For those familiar with the book Moneyball, author Michael Lewis explores how to be competitive while optimizing and balancing a baseball team rather than spending top dollars on unicorns or, in this case, high-profile stars. At the time Lewis wrote, getting on base frequently was undervalued compared to hitting the occasional home run. With this concept in mind — and with the assumption that we cannot afford to not release the games we just spent a lot of blood, sweat, and tears making — we know that we can at least get the game “on base” or, in game terms, bring the game to all major mobile, PC, and web platforms.
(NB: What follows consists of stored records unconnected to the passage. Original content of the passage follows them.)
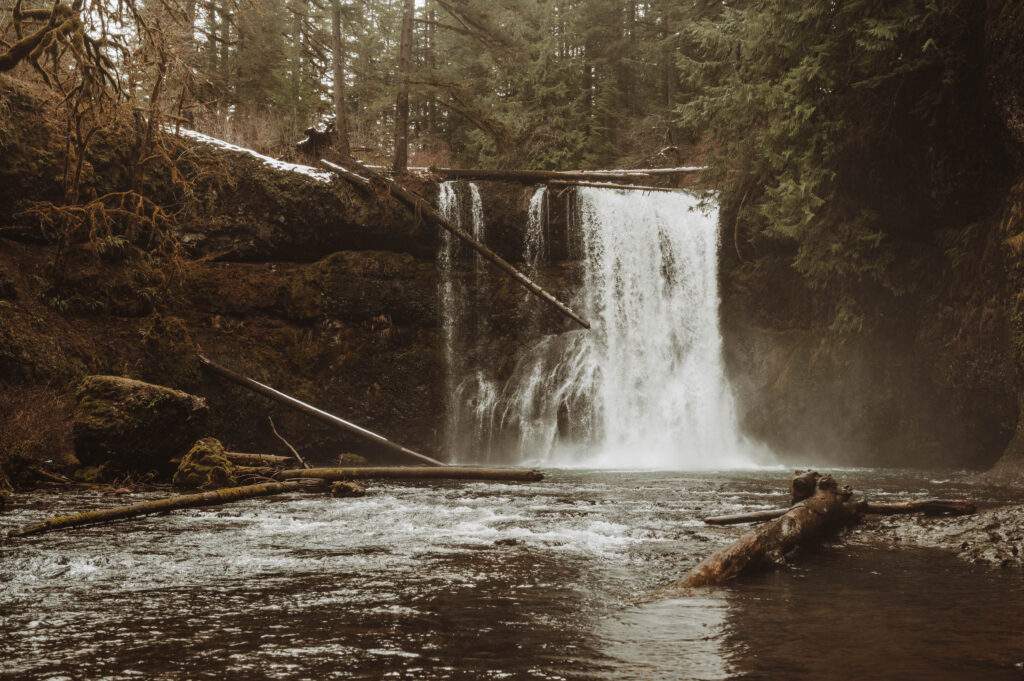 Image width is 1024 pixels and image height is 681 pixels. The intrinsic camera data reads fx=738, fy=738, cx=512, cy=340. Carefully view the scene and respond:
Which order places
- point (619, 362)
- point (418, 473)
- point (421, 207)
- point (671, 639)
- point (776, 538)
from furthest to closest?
point (619, 362), point (421, 207), point (418, 473), point (776, 538), point (671, 639)

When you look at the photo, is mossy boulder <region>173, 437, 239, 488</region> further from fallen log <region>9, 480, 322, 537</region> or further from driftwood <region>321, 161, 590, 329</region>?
driftwood <region>321, 161, 590, 329</region>

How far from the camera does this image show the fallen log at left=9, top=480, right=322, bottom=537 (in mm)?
6359

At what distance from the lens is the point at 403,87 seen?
1741cm

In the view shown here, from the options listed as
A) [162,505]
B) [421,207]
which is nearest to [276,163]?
[421,207]

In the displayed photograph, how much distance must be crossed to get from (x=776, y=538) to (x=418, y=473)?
6.64 metres

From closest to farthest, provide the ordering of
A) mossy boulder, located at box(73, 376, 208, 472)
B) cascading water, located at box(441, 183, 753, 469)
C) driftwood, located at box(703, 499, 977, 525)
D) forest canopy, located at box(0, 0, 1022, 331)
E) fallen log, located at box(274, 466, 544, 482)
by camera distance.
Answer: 1. driftwood, located at box(703, 499, 977, 525)
2. forest canopy, located at box(0, 0, 1022, 331)
3. mossy boulder, located at box(73, 376, 208, 472)
4. fallen log, located at box(274, 466, 544, 482)
5. cascading water, located at box(441, 183, 753, 469)

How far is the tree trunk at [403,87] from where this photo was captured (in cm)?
1753

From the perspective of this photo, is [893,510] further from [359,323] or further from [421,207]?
[359,323]

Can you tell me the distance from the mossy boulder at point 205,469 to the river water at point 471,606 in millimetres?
2897

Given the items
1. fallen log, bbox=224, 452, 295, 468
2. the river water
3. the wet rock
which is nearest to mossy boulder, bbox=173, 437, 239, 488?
fallen log, bbox=224, 452, 295, 468

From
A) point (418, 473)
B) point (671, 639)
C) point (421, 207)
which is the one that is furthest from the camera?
point (421, 207)

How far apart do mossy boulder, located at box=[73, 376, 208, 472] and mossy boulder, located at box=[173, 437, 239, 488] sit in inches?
33.8

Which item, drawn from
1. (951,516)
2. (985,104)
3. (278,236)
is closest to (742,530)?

So knowing that we have a fun game, powered by a scalable and highly extensible backend technology and coupled with the magic of Unity, we are effectively able to publish across devices having players play in the same session, in real time, with a compact team supporting the whole process. This strategy allows us to chase real profit margins by being a good developer and publisher rather than only throwing good money after bad money on a CPI model. By taking a long term approach we are also building brand value and sustainability while bringing our games to market.
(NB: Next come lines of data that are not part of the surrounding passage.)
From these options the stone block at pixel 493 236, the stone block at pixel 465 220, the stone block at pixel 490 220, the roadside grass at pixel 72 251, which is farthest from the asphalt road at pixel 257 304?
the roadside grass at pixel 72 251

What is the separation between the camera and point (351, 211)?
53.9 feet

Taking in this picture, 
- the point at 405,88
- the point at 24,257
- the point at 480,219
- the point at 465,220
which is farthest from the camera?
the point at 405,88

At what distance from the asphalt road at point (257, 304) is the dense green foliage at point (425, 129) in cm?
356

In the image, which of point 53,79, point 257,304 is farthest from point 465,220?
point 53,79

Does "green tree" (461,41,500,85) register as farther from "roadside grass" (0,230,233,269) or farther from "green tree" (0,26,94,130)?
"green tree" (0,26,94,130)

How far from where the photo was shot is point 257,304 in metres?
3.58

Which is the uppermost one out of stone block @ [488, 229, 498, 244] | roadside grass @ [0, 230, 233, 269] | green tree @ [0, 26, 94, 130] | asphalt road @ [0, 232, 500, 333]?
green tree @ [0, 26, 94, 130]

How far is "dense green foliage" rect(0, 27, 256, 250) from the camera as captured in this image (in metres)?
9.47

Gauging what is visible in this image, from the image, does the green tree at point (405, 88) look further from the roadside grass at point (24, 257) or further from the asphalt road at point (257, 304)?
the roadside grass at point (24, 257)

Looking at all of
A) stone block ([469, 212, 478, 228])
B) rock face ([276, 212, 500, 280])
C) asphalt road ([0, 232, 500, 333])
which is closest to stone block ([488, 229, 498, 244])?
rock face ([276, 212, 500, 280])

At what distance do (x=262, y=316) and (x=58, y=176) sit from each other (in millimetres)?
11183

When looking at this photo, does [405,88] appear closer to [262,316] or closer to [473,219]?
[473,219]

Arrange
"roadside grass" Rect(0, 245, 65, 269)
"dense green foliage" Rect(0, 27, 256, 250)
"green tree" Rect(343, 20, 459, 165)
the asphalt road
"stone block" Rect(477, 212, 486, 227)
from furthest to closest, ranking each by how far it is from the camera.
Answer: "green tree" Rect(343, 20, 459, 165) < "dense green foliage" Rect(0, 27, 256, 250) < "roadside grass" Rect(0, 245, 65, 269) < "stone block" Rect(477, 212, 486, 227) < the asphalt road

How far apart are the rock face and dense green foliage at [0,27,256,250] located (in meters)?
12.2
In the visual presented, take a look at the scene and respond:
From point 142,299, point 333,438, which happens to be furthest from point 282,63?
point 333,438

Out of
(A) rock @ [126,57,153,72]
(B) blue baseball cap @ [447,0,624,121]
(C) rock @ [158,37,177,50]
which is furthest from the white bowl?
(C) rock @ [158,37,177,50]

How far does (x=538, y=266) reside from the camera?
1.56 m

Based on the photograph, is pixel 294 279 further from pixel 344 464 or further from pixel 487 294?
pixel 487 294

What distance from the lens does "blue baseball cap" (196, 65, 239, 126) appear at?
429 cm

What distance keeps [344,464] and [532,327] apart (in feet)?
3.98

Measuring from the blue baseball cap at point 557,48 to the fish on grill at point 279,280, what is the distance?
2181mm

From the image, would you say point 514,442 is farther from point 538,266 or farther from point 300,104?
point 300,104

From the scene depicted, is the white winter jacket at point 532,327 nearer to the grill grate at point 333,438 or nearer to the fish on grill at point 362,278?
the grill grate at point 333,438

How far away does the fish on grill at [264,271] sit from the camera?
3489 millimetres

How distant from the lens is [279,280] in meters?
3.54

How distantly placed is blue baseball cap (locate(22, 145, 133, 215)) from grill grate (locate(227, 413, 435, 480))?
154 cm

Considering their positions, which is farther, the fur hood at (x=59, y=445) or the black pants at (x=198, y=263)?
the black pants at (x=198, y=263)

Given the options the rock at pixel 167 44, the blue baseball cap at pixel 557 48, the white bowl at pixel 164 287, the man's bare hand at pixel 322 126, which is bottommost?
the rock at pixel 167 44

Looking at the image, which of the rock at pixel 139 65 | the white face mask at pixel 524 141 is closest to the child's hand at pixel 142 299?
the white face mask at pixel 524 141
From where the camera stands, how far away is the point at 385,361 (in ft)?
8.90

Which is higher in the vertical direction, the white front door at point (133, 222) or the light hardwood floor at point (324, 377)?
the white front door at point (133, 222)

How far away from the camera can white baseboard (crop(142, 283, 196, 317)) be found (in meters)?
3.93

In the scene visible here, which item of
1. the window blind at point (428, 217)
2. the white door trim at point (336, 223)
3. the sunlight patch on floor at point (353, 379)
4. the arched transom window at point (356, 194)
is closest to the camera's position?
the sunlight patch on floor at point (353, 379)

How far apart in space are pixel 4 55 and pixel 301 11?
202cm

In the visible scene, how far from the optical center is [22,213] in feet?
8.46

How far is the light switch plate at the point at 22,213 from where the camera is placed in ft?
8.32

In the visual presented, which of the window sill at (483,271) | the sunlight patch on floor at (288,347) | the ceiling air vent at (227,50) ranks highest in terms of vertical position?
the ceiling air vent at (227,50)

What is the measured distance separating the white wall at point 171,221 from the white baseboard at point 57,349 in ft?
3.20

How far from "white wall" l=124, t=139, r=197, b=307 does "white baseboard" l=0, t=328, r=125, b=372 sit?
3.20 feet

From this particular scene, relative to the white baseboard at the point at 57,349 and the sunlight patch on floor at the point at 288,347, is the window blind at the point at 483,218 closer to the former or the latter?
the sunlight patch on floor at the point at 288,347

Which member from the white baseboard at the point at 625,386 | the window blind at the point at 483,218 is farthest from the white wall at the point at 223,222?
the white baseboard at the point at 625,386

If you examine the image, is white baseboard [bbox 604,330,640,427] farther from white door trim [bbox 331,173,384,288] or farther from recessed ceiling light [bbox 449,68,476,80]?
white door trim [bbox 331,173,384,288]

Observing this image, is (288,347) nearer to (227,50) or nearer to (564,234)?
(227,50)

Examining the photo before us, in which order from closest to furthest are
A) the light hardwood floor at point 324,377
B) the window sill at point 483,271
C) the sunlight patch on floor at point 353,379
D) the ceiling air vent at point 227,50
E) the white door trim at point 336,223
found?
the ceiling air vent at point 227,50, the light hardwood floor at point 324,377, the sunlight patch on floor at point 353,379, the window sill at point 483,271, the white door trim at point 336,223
Mini Guns, our fifth game released with this model, just released globally. However, thanks to a soft launch in New Zealand, Canada, and Singapore, we’re seeing Day 1 retention topping 50%, players spending over 14 minutes per session, and ARPDAU beating expectations, some of the ingredients for a successful F2P. It obviously does not guarantee it to be a viral hit or that we will be able to acquire a massive player base. But by bringing a fun, well made game across all these platforms will allow us to reach a wide audience and effectively getting the game “on base”. Drawing in a larger player base through diversification and doing it with a lean live ops team has really attracted the attention of potential partners and because of this canny ability to build and manage games, the team have managed to attract the Quebec Intellectual Property Fund (a fund focused on video games) as a major partner to help fuel the growth.
There is an inherent challenge as a business to maintain focus and purposely work on as many aspects as possible that you can control to a certain degree. For us, we know we have a proven formula, a well established process that allow us to focus on building long term projects on original properties. I’ve seen a lot of companies that look like they were an overnight success when in actual fact it was years of work and an uncompromising belief in their product that saw them through, just look at King’s massive portfolio of games and our favorite, Supercell, who also fought through adversity before seeing success.
There is always a line to be drawn between what the market wants and what you want to create. When Ford started building cars people said they wanted faster horses. Studios can’t follow the big guys in the hope they’ll create a billion dollar game, or that they will receive investment for instant user acquisition. Manpower, time, and funding will always be up against us. If we start by creating something we enjoy, that’s scalable and sustainable, then the rest will follow.
Johan is the CEO of Riposte Games, the developer behind midcore hits like Shop Heroes and recently launched Mini Guns.